Lezlie Lee Kam is a 55+, gender-mysterious, world majority person and dyke; a Trini; a Carib; Brown; and a Callaloo—a mix of Chinese, Carib, Indian, Portuguese, and Venezuelan. She was born in Trinidad and left for Toronto in 1970. In this interview, Lezlie discusses her childhood in Trinidad with her 3 brothers with her working-class father and her more well-off mom; at age 11, when she was beginning her education in a convent school, her parents separated. Lezlie stayed with her father and 3 brothers, while her mother moved to Toronto in 1968. Lezlie was involved with Mas, as was her dad, who was a band leader; she’s continued to be involved with Carnaval since. When Lezlie was 16, she moved to Toronto to be with her mother in Toronto, despite not wanting to leave. Discusses her attraction to girls from a young age, while also at the same time dating boys. Two of her brothers emigrated in 1976; she describes the debates she had with her mother around her mother’s expectations that she do gendered labour in the household, while her brothers did nothing.

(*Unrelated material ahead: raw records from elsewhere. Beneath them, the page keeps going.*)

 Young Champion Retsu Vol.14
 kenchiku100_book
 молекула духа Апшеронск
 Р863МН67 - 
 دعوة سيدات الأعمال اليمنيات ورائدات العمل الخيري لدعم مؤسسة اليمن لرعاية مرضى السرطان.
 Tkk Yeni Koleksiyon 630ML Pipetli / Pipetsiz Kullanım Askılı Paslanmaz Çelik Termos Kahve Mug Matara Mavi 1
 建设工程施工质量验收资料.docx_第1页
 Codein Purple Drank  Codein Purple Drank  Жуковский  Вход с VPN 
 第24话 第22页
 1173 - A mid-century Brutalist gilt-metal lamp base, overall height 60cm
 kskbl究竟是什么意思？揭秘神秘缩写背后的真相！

Lezlie was only one of four non-white kids in high school in 1970: she describes racism, being called a ‘monkey’ by the boys, and her (humorous) response, her accent, and her efforts to modulate it once in Canada. Lezlie came out, to herself, while she was at York U 1972-1976. She discusses radical student politics at York, and the expectation that all non-whites sit at the ‘black table’ in solidarity with black power. She learned about Cuba, South American indigenous issues, and Caribbean literature.
Discusses her first relationship with a woman, Sonia, a mixed race Trinidadian who attended Ryerson, and the physical passion that ensued after figuring it all out for the first time; they were together for 3 years, when they were caught kissing, and Sonia’s family shipped her back to Trinidad.
Lezlie describes her activism with LOOT, the Lesbian Organization of Toronto (LOOT), in the late 1970s. She worked at the coffee house, on the phones, and wanted to be a person of colour for other lesbians who looked like her. Describes her work at LOOT and encountering butch-fem roles and lesbian separatism in the contemporary scene. Race and racism was not a topic of discussion among the white LOOT activists. Discusses the transphobia she encountered at the Michigan Womyn’s Musical Festival, as well as how very few other women of color were there.
Night life, late 1970s: describes the 4 women of colour in the scene, who went to The Studio, a bar where gay men and lesbians mixed. They stood out, and became disco queens; they checked out the Camu (sp?) on Trinity, near Eastern. The Camu was a working class butch-fem bar, with tuxedos and ball gowns, the whole thing; they were the only people of colour. Discusses her own sense of gender then, and more recently. She was never butch or fem herself.
This interview continues in a second interview on June 16, 2017.